The problem is the fact that the completion of a given delayed
transaction may be given to a different transaction initiated by a
different master.  This allows a Delayed Request to, in effect, pass a
Posted Write, causing ordering violations which in turn may result in
data inconsistency and synchronization failures.  The problem is
documented in Section 3.11 of the PCI Local Bus Specification Revision
2.1, Item 6, pages 116-117.  However, the severity of the problem is
underestimated in the Specification.  Only one of several scenarios
resulting in incorrect behavior is discussed there.

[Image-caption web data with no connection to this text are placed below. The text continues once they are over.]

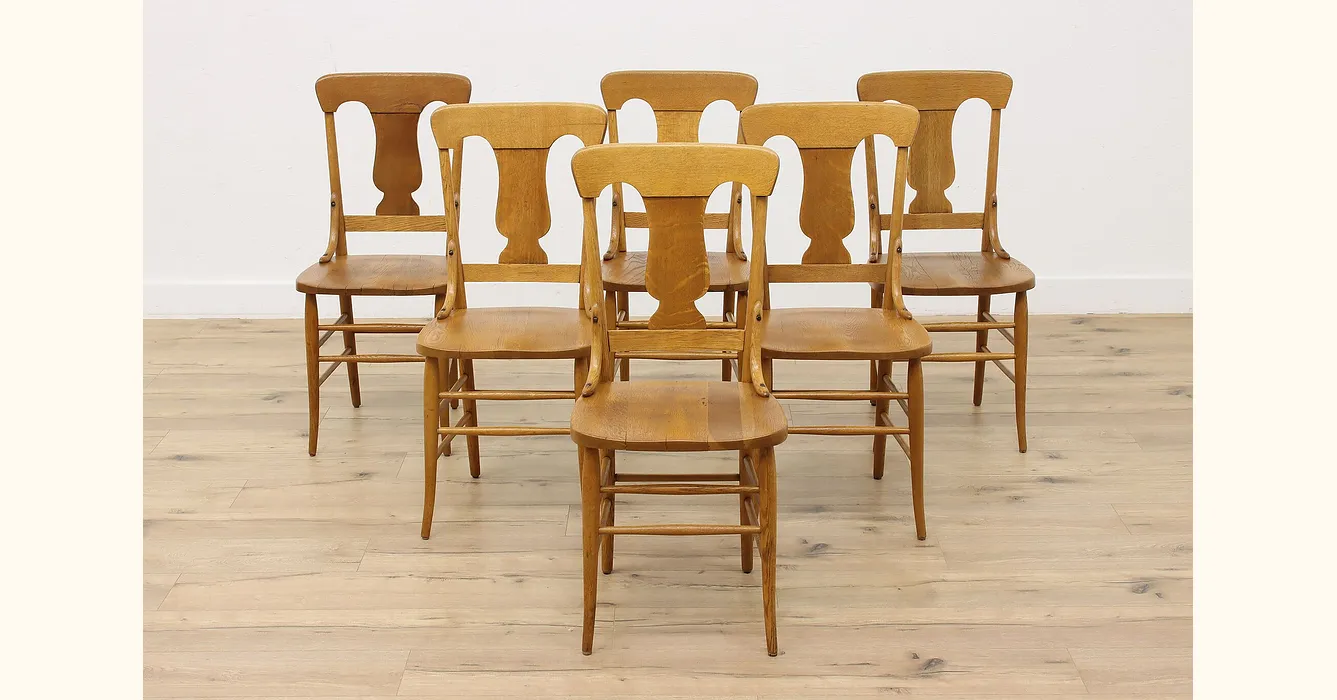 Oak deals bistro chairs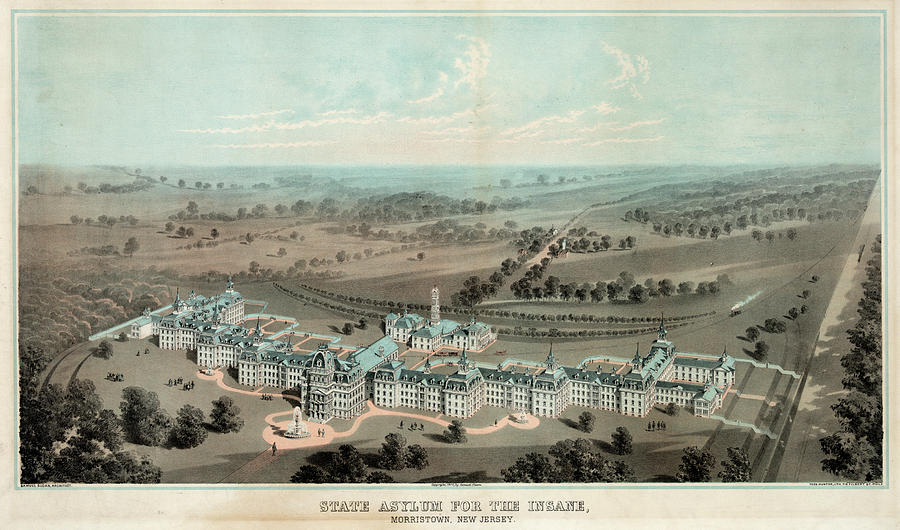 Landscape Painting - New Jersey Asylum, 1875 by Granger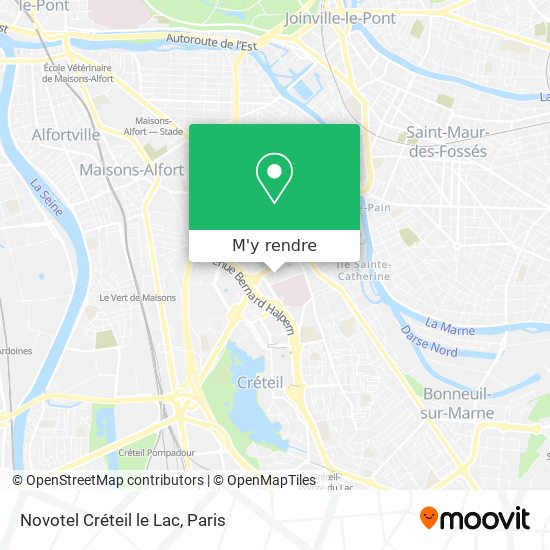 Novotel Créteil le Lac plan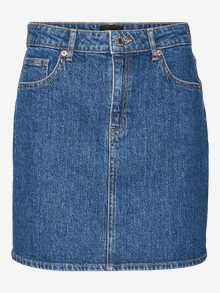 Vero Moda VMTESSA Hohe Taille Kurzer Rock -Medium Blue Denim - 10301536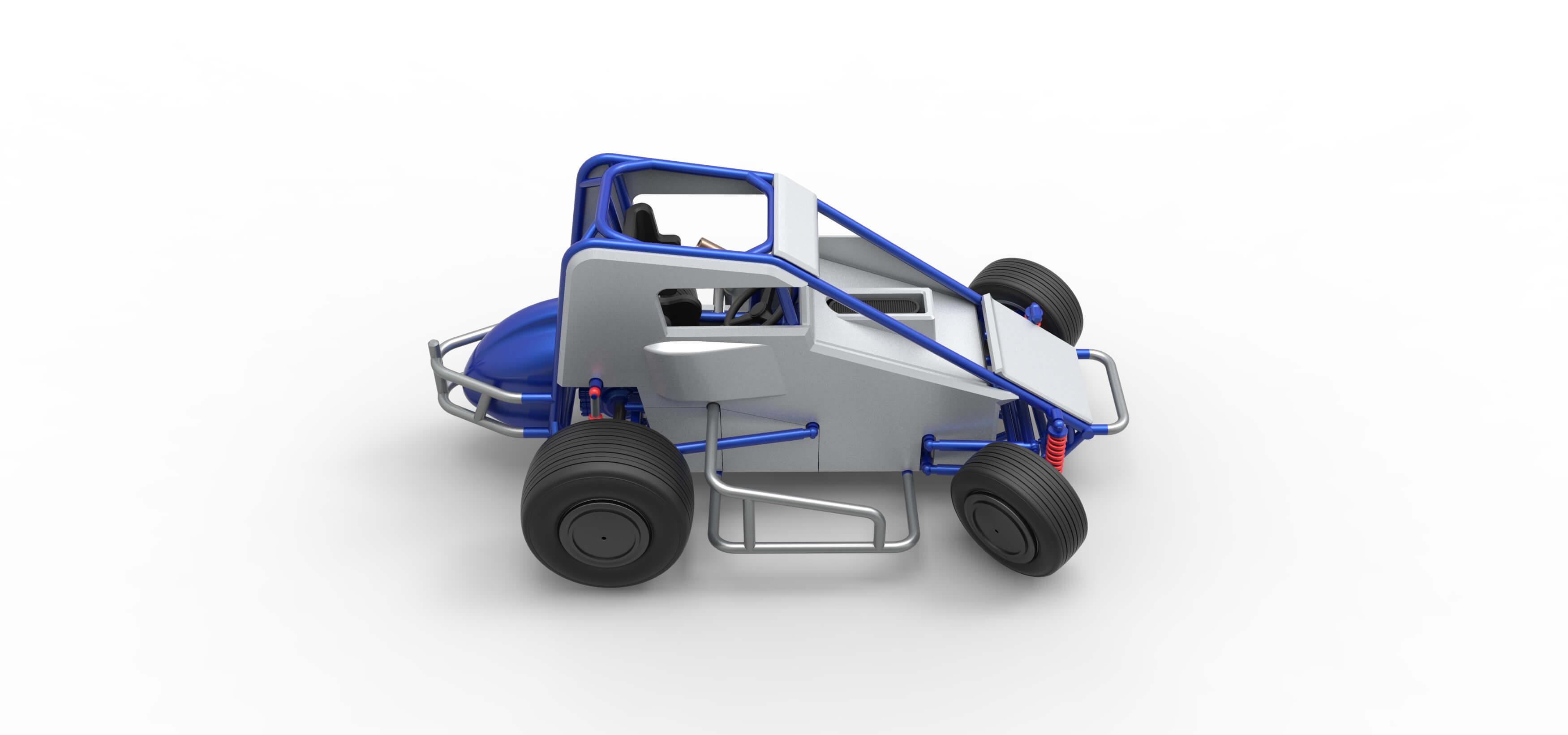 Midget Car While Turning Scale 1:25 3D Model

The solution is to use 4 reserved pins to implement a Local Master ID.
The Arbiter communicates the Local Master ID of the current
Delayed Transaction to the target, which can thus reserve the
completion of the transaction for the master that requested it and
avoid giving it to a different master.  

In addition to solving the ordering problem, a Local Master ID would
allow a sophisticated target to enforce fairness among masters that
compete for access to it, in order to prevent starvation of one of the
masters by the others, something which is impossible with the current
PCI protocol.

		 Detailed Description of the problem

A Delayed Completion is matched against a Delayed Request on the basis
of Address and Byte Enables.  The identity of the master that issued
the transaction is not used in the comparison, simply because there is
no Master ID in PCI, and thus the target does not know what master
issued the original Delayed Request that generated the Delayed
Completion, nor what Master is issuing the current Delayed Request
that is being matched against the completion.  Thus if the new
request is issued by a different master, the new master will obtain
the completion originally intended for the Master of the original

This may cause ordering violations, data inconsistency and
synchronization failure in several scenarios.  Here are some examples:

Scenario 1  

(This scenario is a more concrete version of the one described in the
PCI 2.1 Specification, Section 3.11, Item 6.)

Two masters, A and B, on a PCI bus communicate with a target that
resides on the same bus and implements Delayed Transaction
Termination.  The target is the PCI interface of a device.  Commands
can be sent to the device by writing to a location X in the address
range assigned to the target.  The state of the device can be checked
by reading that same location X.  Master A periodically polls the
state of the device using a Delayed Read transaction.  Master B
periodically sends a command as a Posted Write transaction, and then
checks the resulting state of the device using a Delayed Read

A concrete realization of this scenario could be an application where
a PC is used for process control in a factory or a laboratory.  The
device behind the PCI target would be controlling the process.  Master
A would be periodically collecting information for display on a
control panel, while Master B would be the host bridge of the PC and
would be sending commands to the device on behalf of the CPU.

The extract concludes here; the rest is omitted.